Published Sep 14, 2010
puppet
6 Posts
Hello! I recently received my MSN in Management and I find it hard to find employees hiring new nurse managers without experience. I was wondering if this happening to someone or just me?
I would appreciate your reply.
roser13, ASN, RN
6,504 Posts
"I find it hard to find employees hiring"
Assuming that you mean "employers":
While I am not an MSN, it is my understanding that it has always been difficult to find a position (as a nursing manager) that does not require experience. That is why most Masters Degree programs (again in my experience) require that a Masters' applicant bring substantial experience to the table. At the very least, most programs highly recommend experience.

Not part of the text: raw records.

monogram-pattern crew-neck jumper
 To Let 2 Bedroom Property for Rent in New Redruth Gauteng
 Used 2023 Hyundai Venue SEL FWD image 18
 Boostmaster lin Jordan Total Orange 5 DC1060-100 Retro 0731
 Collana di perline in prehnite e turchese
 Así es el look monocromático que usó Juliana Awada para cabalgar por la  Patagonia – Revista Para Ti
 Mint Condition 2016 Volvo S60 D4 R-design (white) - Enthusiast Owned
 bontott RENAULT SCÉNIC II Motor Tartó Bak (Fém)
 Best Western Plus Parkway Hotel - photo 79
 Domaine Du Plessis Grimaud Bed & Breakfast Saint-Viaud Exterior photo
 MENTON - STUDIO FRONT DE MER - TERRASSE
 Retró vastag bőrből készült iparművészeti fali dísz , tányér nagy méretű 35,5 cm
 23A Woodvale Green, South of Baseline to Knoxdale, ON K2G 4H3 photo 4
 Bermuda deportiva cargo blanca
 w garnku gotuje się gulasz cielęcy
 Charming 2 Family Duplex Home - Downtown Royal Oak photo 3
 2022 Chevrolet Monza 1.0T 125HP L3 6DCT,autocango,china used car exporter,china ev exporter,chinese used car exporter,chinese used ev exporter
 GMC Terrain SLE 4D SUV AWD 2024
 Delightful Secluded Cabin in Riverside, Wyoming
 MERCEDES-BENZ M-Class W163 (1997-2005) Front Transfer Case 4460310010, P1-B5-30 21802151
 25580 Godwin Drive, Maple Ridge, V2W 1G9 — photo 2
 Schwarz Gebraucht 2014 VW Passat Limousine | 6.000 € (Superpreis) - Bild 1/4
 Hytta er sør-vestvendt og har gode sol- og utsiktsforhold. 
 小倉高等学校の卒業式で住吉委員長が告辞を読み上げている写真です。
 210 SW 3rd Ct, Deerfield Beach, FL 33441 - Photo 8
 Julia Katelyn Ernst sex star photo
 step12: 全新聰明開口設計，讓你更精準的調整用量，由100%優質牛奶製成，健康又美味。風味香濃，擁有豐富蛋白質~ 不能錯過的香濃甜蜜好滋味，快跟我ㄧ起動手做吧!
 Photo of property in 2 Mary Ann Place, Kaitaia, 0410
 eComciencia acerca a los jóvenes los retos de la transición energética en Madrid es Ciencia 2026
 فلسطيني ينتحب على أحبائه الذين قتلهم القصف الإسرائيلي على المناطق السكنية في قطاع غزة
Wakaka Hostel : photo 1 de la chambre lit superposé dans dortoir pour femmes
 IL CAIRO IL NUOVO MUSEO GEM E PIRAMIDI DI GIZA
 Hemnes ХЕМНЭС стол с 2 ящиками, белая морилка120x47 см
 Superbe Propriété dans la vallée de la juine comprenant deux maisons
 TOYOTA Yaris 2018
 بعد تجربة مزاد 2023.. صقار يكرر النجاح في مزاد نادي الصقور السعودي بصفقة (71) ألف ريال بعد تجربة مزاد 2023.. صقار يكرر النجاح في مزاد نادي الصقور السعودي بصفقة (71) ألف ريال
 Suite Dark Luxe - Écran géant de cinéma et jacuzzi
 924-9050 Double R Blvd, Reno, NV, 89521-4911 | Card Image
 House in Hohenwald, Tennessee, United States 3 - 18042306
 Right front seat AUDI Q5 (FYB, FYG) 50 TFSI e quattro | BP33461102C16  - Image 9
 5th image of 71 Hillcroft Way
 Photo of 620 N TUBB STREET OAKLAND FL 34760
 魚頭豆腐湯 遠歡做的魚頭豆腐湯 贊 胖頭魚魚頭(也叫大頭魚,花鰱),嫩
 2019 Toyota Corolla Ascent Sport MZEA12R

Once you've obtained that experience as a nurse, you will understand the rationale behind that thought process.
Sun0408, ASN, RN
1,761 Posts
Around here most places want a manager that has at least 3-5 years bedside experience. This allows for a better understanding of the needs on the unit and the staff.
grandmawrinkle
272 Posts
Many hospitals use assistant NMs, especially with wards upward of 30 beds and many staff. Other hospitals have permanent charge positions (or so I've heard, my area doesn't do this.) You may want to look for positions like that.
Another thought is to look for a position as a house supervisor. That would fall into the nursing admin category. Some NMs I know got started that way as well.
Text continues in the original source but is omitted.